To enable the support to be put in place on or by means of its carrier, the magnetic induction heating coil or loop can preferably move in relation to the carrier adapted to receive the support in a direction not parallel with the carrier. Moreover, to ensure effective bonding pressure, the apparatus preferably comprises a movable punch which engages in the aperture in the locating member for movement in the direction of the carrier adapted to receive the support. Advantageously, the movable punch can move independently of the member for locating the metal member. In an advantageous embodiment the movable punch has a supply duct for an adhesive material. This enables the adhesive material to be deposited at the place on the support where the metal member is to be attached.The duct enables the glue to be satisfactorily located on the support before the metal member is supplied, and obviates the need of providing a separate glue-locating member where the adhesive is not pre-applied to the metal member.

An advantageous optional feature of the invention is that a movable reaction punch is so disposed in line with the movable punch that when the support is deposited on the carrier, it can be placed between the movable punch and the reaction punch. This arrangement enables high bonding pressures to be applied without having to take into account the manner in which the support is carried.
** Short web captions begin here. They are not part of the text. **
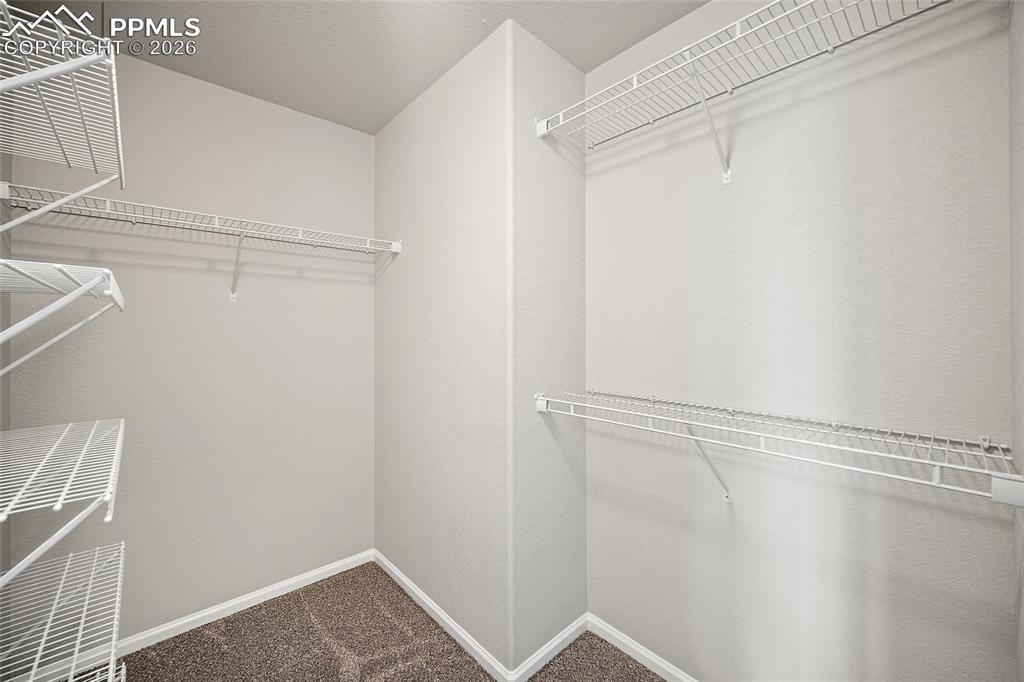 Image 24 of 42: Closet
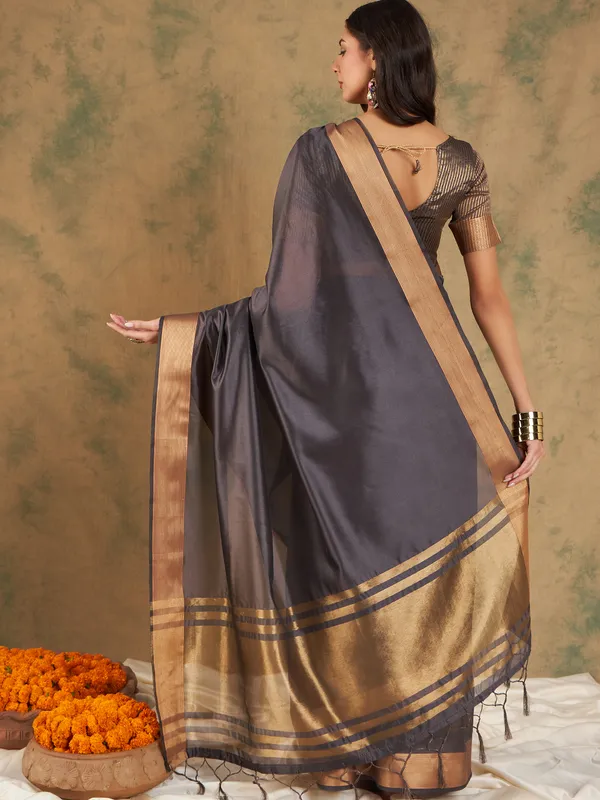 Dark_Blue_Organza_Woven_Banarasi_Saree_With_Unstitched_Blouse_For_Women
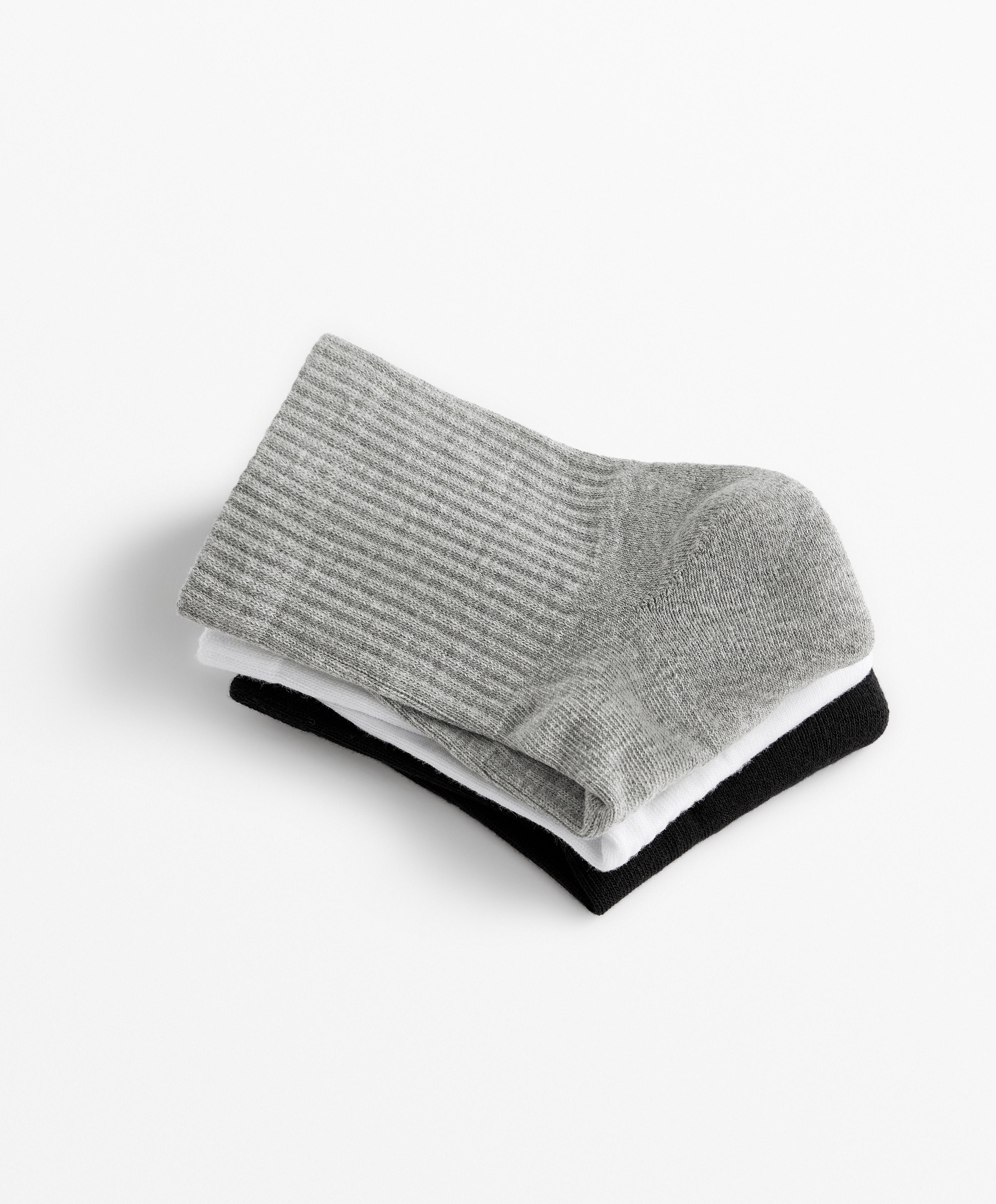 3 PAIRS OF QUARTER LENGTH SPORTS COTTON BLEND SOCKS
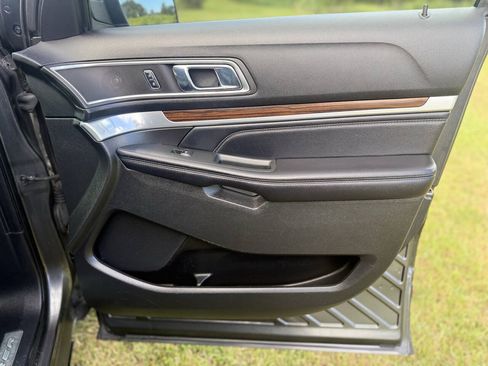 Used 2016 Ford Explorer Limited w/ Equipment Group 301A FWD image 30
This feature is advantageous for apparatus intended for the treatment of non-flat supports, for example, bent sheets of glass which can be very satisfactorily supported by a carrier which bears against the support only at a few points and therefore does not provide an adequate reaction surface.

Preferably the apparatus comprises means for supplying a said metal member to said locating member and an extractor for extracting a said metal member from the supply means and transferring it to the locating member, which extractor comprises a finger with a retaining device which supports the metal member during its transfer to the locating member. In turn, the locating member preferably comprises retaining means allowing the passage of such metal member during its transfer to the locating member, but preventing the metal member from moving in the opposite direction when the extracting member is withdrawn. The retaining system can be formed by ball-and-spring stops, by arcuate tongs arms urged to closure or by a similar device.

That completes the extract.